**Your instructions:**
Each record that follows must be reproduced exactly.

**Raw data:**
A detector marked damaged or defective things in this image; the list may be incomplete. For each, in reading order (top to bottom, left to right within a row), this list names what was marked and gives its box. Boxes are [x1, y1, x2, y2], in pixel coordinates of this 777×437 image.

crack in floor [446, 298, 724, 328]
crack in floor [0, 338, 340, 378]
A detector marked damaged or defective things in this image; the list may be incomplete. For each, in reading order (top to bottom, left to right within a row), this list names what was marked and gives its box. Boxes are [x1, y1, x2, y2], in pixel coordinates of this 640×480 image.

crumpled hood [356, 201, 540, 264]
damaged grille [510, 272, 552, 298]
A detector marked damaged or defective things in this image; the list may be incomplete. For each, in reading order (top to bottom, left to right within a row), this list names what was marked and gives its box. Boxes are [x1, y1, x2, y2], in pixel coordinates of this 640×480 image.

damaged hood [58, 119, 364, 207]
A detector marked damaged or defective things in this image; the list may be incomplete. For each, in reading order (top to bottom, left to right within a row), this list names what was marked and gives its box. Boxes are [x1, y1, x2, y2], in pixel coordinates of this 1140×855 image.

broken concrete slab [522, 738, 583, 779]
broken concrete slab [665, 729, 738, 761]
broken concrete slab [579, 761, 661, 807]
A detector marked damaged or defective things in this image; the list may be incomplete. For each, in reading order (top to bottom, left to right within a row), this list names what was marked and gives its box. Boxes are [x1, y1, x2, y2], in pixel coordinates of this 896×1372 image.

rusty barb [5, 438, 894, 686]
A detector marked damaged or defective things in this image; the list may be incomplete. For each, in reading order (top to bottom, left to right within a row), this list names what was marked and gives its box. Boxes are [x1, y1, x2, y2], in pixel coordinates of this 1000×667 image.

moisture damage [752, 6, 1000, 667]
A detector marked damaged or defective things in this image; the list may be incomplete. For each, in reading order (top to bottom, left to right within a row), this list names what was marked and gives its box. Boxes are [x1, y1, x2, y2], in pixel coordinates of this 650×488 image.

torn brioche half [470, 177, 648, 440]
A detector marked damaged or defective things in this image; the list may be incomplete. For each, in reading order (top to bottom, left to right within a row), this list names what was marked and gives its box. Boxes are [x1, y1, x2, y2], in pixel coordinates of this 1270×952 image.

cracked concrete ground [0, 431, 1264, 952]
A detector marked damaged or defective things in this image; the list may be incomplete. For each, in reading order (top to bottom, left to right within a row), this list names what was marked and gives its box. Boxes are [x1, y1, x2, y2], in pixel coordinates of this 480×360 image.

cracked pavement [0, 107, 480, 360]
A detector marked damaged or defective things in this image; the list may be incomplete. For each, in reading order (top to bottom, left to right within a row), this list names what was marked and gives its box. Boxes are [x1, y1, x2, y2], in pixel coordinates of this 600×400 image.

**Result of the task:**
A detector marked damaged or defective things in this image; the list may be incomplete. For each, in reading order (top to bottom, left to right within a row), this list names what was marked and gives its box. Boxes are [x1, y1, x2, y2], in pixel coordinates of this 777×437 image.

crack in floor [446, 298, 724, 328]
crack in floor [0, 338, 340, 378]
A detector marked damaged or defective things in this image; the list may be incomplete. For each, in reading order (top to bottom, left to right within a row), this list names what was marked and gives its box. Boxes are [x1, y1, x2, y2], in pixel coordinates of this 640×480 image.

crumpled hood [356, 201, 540, 264]
damaged grille [510, 272, 552, 298]
A detector marked damaged or defective things in this image; the list may be incomplete. For each, in reading order (top to bottom, left to right within a row), this list names what was marked and gives its box. Boxes are [x1, y1, x2, y2], in pixel coordinates of this 640×480 image.

damaged hood [58, 119, 364, 207]
A detector marked damaged or defective things in this image; the list may be incomplete. For each, in reading order (top to bottom, left to right within a row), this list names what was marked and gives its box. Boxes are [x1, y1, x2, y2], in pixel coordinates of this 1140×855 image.

broken concrete slab [522, 738, 583, 779]
broken concrete slab [665, 729, 738, 761]
broken concrete slab [579, 761, 661, 807]
A detector marked damaged or defective things in this image; the list may be incomplete. For each, in reading order (top to bottom, left to right within a row), this list names what was marked and gives its box. Boxes are [x1, y1, x2, y2], in pixel coordinates of this 896×1372 image.

rusty barb [5, 438, 894, 686]
A detector marked damaged or defective things in this image; the list may be incomplete. For each, in reading order (top to bottom, left to right within a row), this list names what was marked and gives its box. Boxes are [x1, y1, x2, y2], in pixel coordinates of this 1000×667 image.

moisture damage [752, 6, 1000, 667]
A detector marked damaged or defective things in this image; the list may be incomplete. For each, in reading order (top to bottom, left to right within a row), this list names what was marked and gives its box. Boxes are [x1, y1, x2, y2], in pixel coordinates of this 650×488 image.

torn brioche half [470, 177, 648, 440]
A detector marked damaged or defective things in this image; the list may be incomplete. For each, in reading order (top to bottom, left to right within a row), this list names what was marked and gives its box. Boxes are [x1, y1, x2, y2], in pixel coordinates of this 1270×952 image.

cracked concrete ground [0, 431, 1264, 952]
A detector marked damaged or defective things in this image; the list may be incomplete. For each, in reading order (top to bottom, left to right within a row), this list names what was marked and gives its box. Boxes are [x1, y1, x2, y2], in pixel coordinates of this 480×360 image.

cracked pavement [0, 107, 480, 360]
A detector marked damaged or defective things in this image; the list may be incomplete. For each, in reading order (top to bottom, left to right within a row), this list names what was marked and gives its box. Boxes are [x1, y1, x2, y2], in pixel coordinates of this 600×400 image.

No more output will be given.